*** Opening RECORDS FOR THE EXERCISE ***

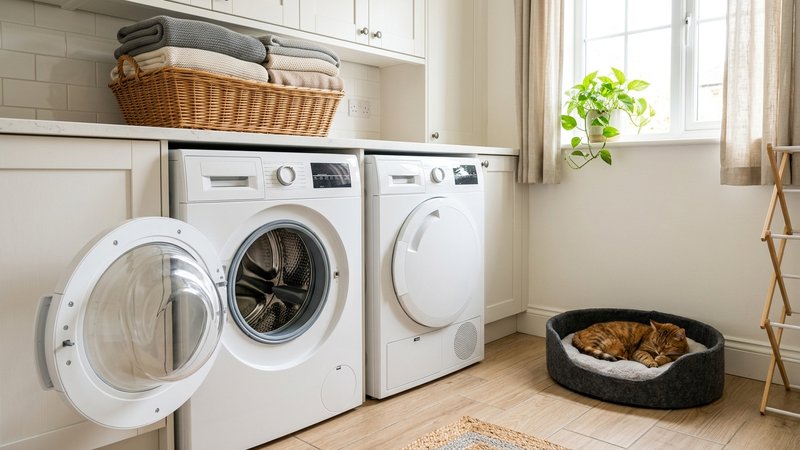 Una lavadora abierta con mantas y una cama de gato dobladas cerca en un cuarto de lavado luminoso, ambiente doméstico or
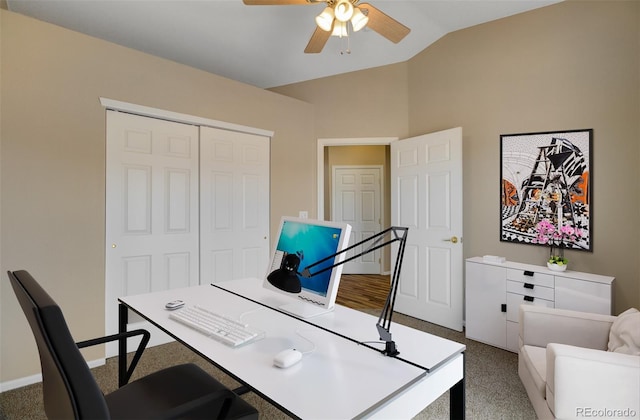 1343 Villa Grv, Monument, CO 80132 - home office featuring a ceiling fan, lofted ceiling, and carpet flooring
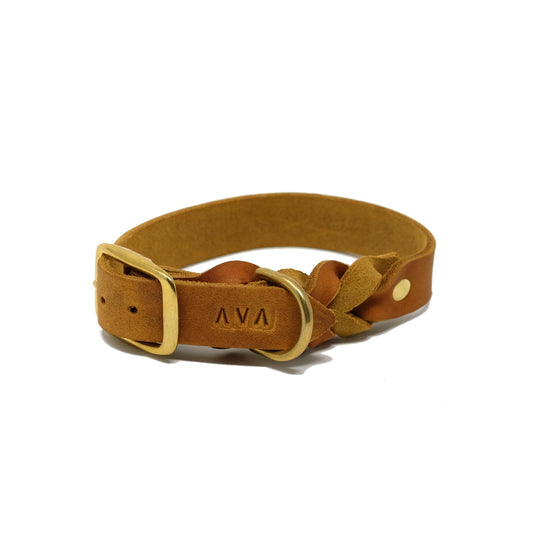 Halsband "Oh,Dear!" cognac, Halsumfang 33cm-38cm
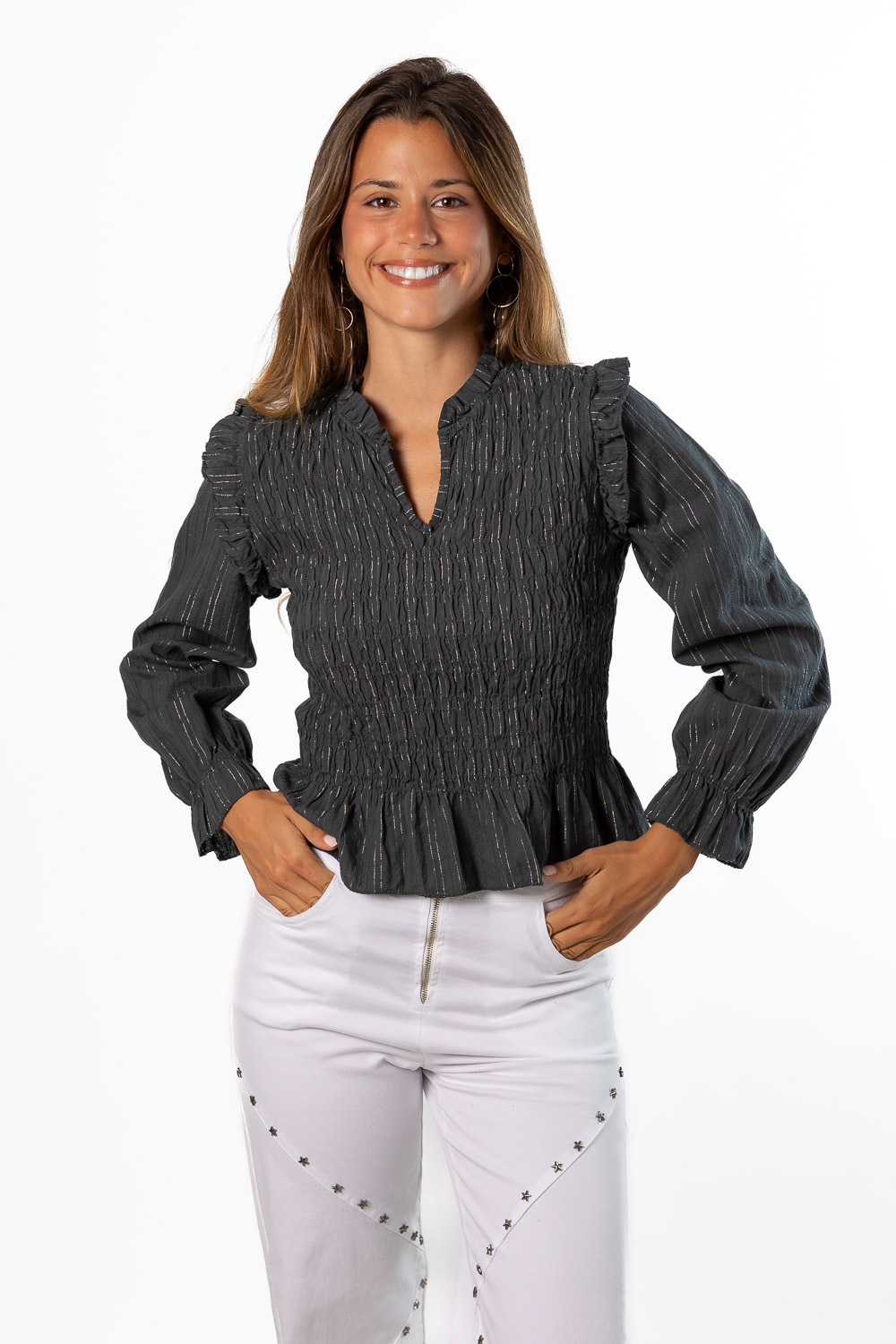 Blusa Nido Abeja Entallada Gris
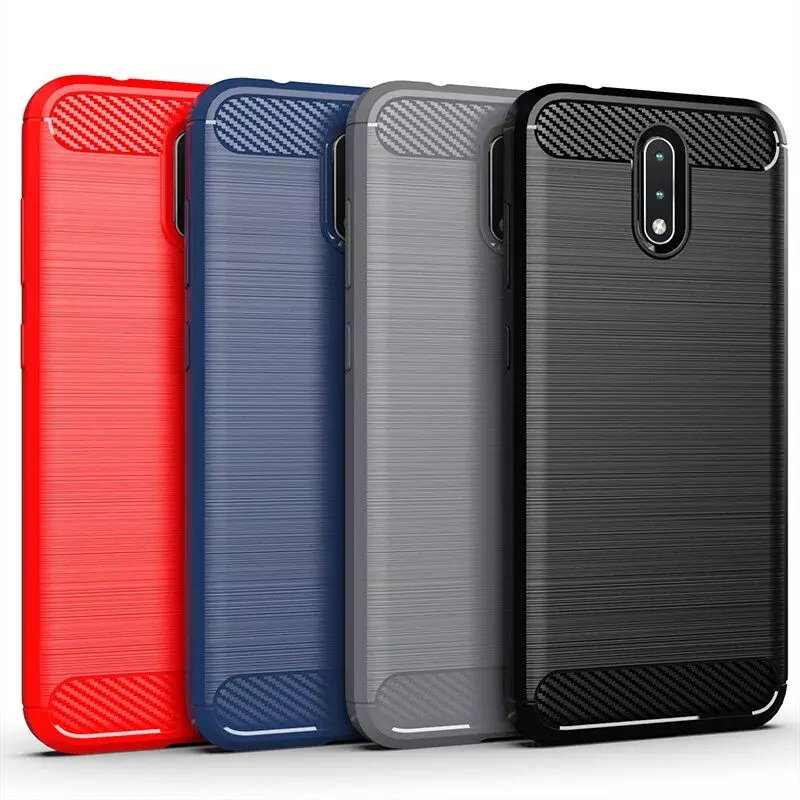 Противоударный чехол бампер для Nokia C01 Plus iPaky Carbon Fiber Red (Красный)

*** Closing RECORDS FOR THE EXERCISE ***

WHAT NEEDS TO BE DONE: Write out again, word for word, only the lines from the one with "cognac, Halsumfang 33cm-38cm" through the last line of the material, and omit each picture.

RESPONSE AREA:
 Halsband "Oh,Dear!" cognac, Halsumfang 33cm-38cm
 Blusa Nido Abeja Entallada Gris
 Противоударный чехол бампер для Nokia C01 Plus iPaky Carbon Fiber Red (Красный)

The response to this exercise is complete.